Combining Mystery Shopping with Customer Opinions for the Best Data

As we’ve talked about before, the best users of mystery shopping programs offer additional methods to capture data that can be used to make necessary improvements. The reason why these different strategies work together to create such a comprehensive program is because they offer a variety of perspectives that, when combined, give great insight into the total customer experience. For the most part, mystery shopping programs look at the customer experience from the viewpoint of the customer and that of the store staff.


Mystery shopping focuses on staff performance- how well the company executes its operations and customer service objectives based on the fact based observations of the mystery shopper. Since shoppers are given detailed guidelines in advance on what to look for, mystery shoppers typically visit the store 1 ““ 4 times each month and focus on quality control, training and incentives. Additionally, Mystery Shoppers are recruited based on demographic profiles that closely match those of a company’s real customers. Mystery Shoppers are paid to be very objective and detailed, reporting on specific visits or calls and observing 100% accurately the precise #’s of customers and employees in-store, service times down to the second, what was in or out of compliance during the visit.. Each evaluation is then used independently to make improvements to operations and training. It is not difficult to see how much valuable information can be gathered from the mystery shopper’s point of view of employee performance.
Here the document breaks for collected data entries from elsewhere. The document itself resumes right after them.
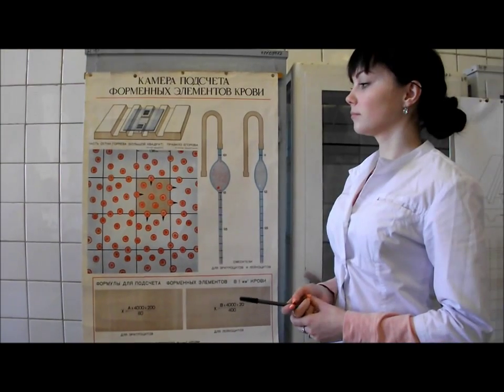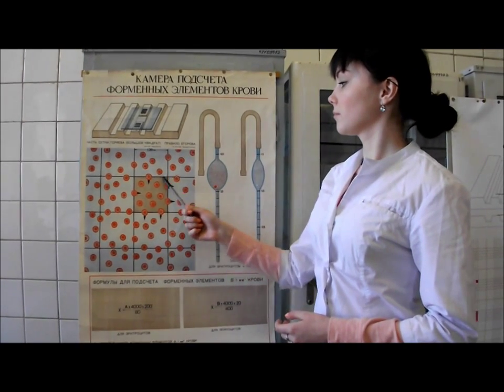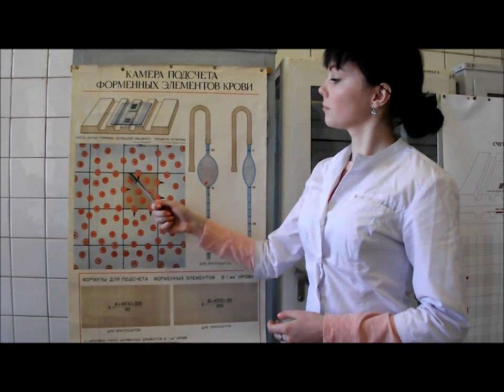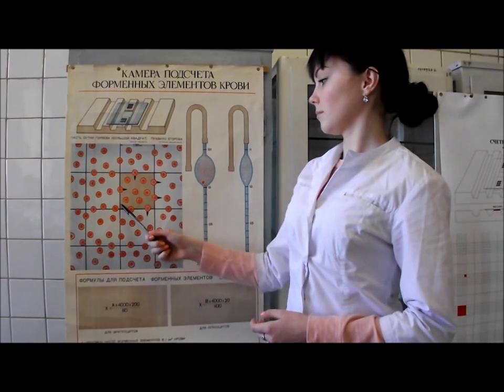For counting, use the rule of Yegorov. Only the cells lying inside the square and on the left and upper borders belong to this square. All other cells do not.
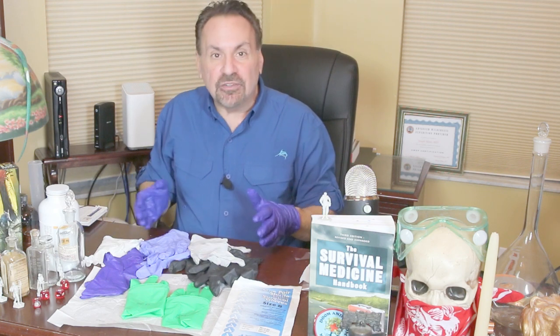Latex gloves are made of natural rubber and are thought to have the highest level of comfort and flexibility. They provide good defense against bacteria and viruses, and many surgeons prefer them because of their sensitivity.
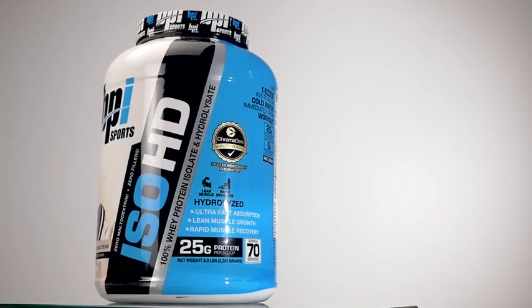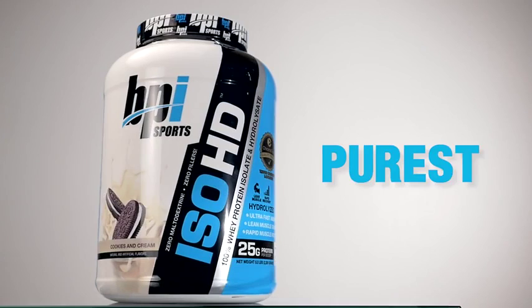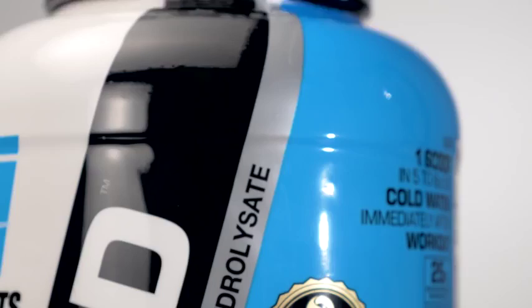IsoHD is the purest, low-calorie protein delivering 25 grams per serving of ultra-premium, quickly digesting, 100% whey isolate and hydrolysate. This unique formula is unmatched not only in nutritional value, but taste. This protein has gone through the rigorous Chromadex quality verification program, which ensures that it is of the highest quality possible.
However, customers have a completely different vantage point- a thoroughly subjective one ““ and many see employee performances in a completely different light. This is where customer surveys, 50-150 per month on average, become very important, measuring what the customers really think and feel about the company, its services, its products and its marketing. Customer surveys are not based on fact; they’re based on individual opinion, but this opinion is as valuable as a mystery shopper’s report. Generally, Customers are sampled at random from a qualified population to extrapolate results that represent a significantly larger population. Encouraged to freely express their highly subjective opinions, individual surveys are not predictive of every customer’s experience unless sufficient samples are taken and results analyzed in aggregate. Although customers lack the pre-arranged guidelines and objective focus of the mystery shopper, customers aren’t dummies. They’re not afraid to express their opinions on whether there were enough employees available to serve customers, if service times were adequate, and whether other criteria met their standards. Customer’s attention spans are typically short, limiting the details that can be gotten, but that does not make the information any less valuable. The best mystery shopping programs combine the viewpoints, perceptions and facts from both sides of the register, so to speak, for a complete picture of the customer experience.